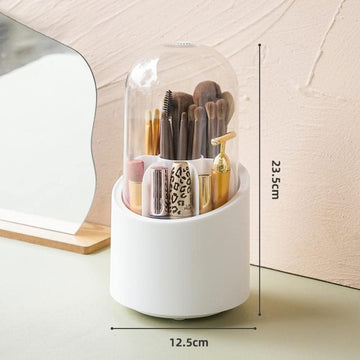 Makeup Brush Container | Dust-proof Rotating Plastic Lipstick Eyebrow Pencil Vanity Supplies ( random color)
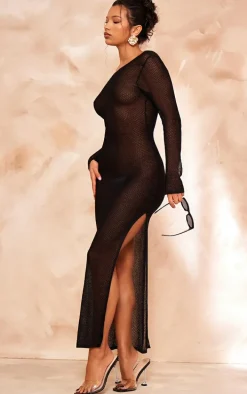 Black Textured Sheer Knit Scoop Back Maxi Dress
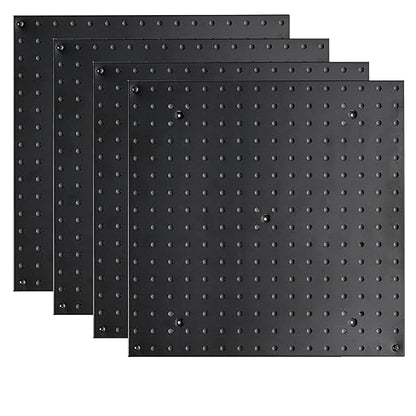 Pegboard Smith 16x16 inch Wall Tool Organizer Pegboard Panels, Black Metal Pegboard for Tool Storage, Workbench Tools Organiz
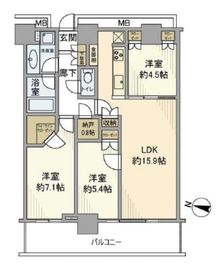 リエトコート武蔵小杉 ザ・クラッシィタワー 14階 間取り図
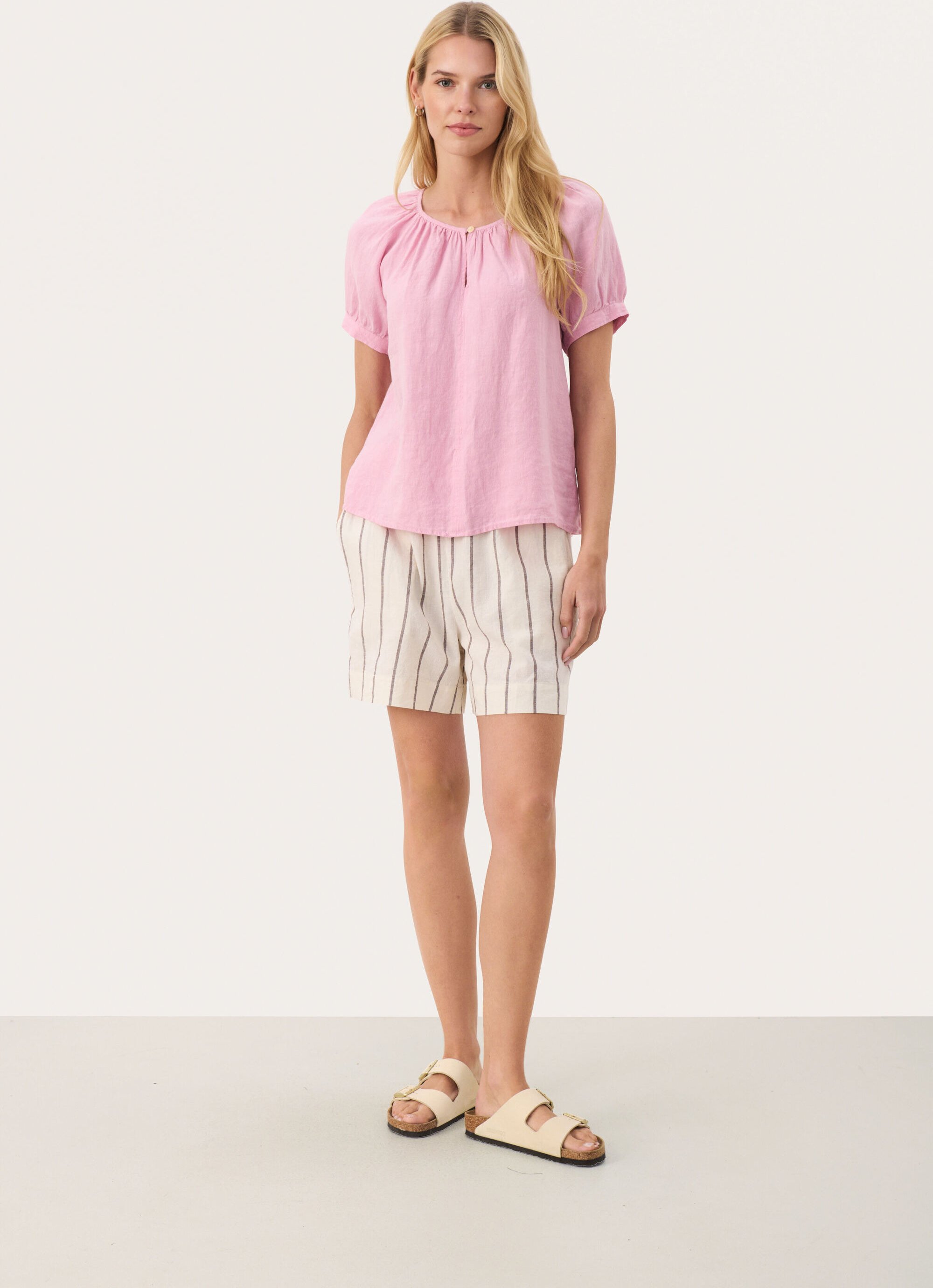 Kurzarm-Bluse Gerade Passform Pink Nectar rose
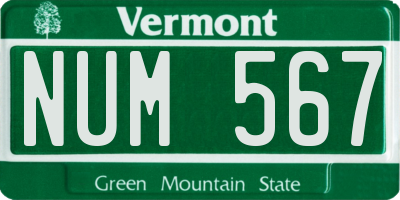VT license plate NUM567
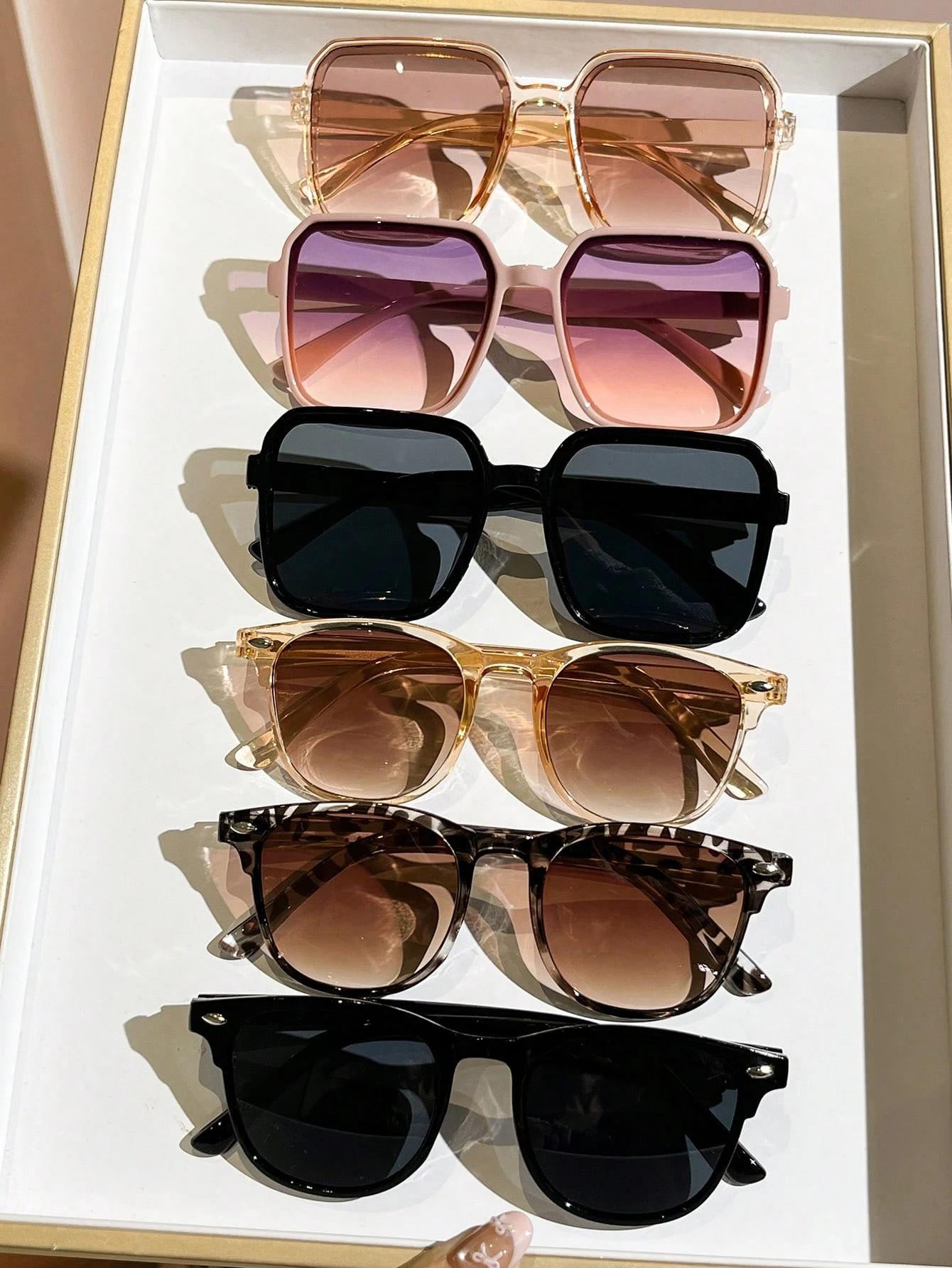 

6PCS Mixed Set Fashion Glasses Large Square Frame Stylish Glasses Oval Frame Simple Glasses Unisex Suitable for Daily Wear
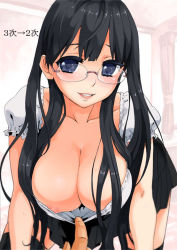 Rule 34 | 1girl, black hair, black thighhighs, blue eyes, blush, breasts, cleavage, clothes pull, collarbone, glasses, kimky, large breasts, leaning forward, long hair, looking at viewer, open mouth, original, rimless eyewear, shirt pull, skirt, smile, thighhighs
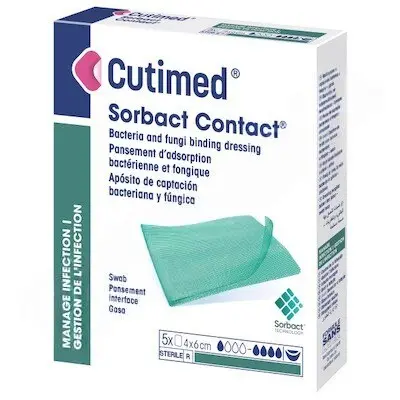 Cutimed Sorbact Contact antimikrobiotické krytí přířez rozložený rozměr 11x15cm 5ks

• [EXERCISE]: Leaving out the pictures, output the listing above exactly as given.

• [EXERCISE RESPONSE]:
 Makeup Brush Container | Dust-proof Rotating Plastic Lipstick Eyebrow Pencil Vanity Supplies ( random color)
 Black Textured Sheer Knit Scoop Back Maxi Dress
 Pegboard Smith 16x16 inch Wall Tool Organizer Pegboard Panels, Black Metal Pegboard for Tool Storage, Workbench Tools Organiz
 リエトコート武蔵小杉 ザ・クラッシィタワー 14階 間取り図
 Kurzarm-Bluse Gerade Passform Pink Nectar rose
VT license plate NUM567

6PCS Mixed Set Fashion Glasses Large Square Frame Stylish Glasses Oval Frame Simple Glasses Unisex Suitable for Daily Wear
 Rule 34 | 1girl, black hair, black thighhighs, blue eyes, blush, breasts, cleavage, clothes pull, collarbone, glasses, kimky, large breasts, leaning forward, long hair, looking at viewer, open mouth, original, rimless eyewear, shirt pull, skirt, smile, thighhighs
 Cutimed Sorbact Contact antimikrobiotické krytí přířez rozložený rozměr 11x15cm 5ks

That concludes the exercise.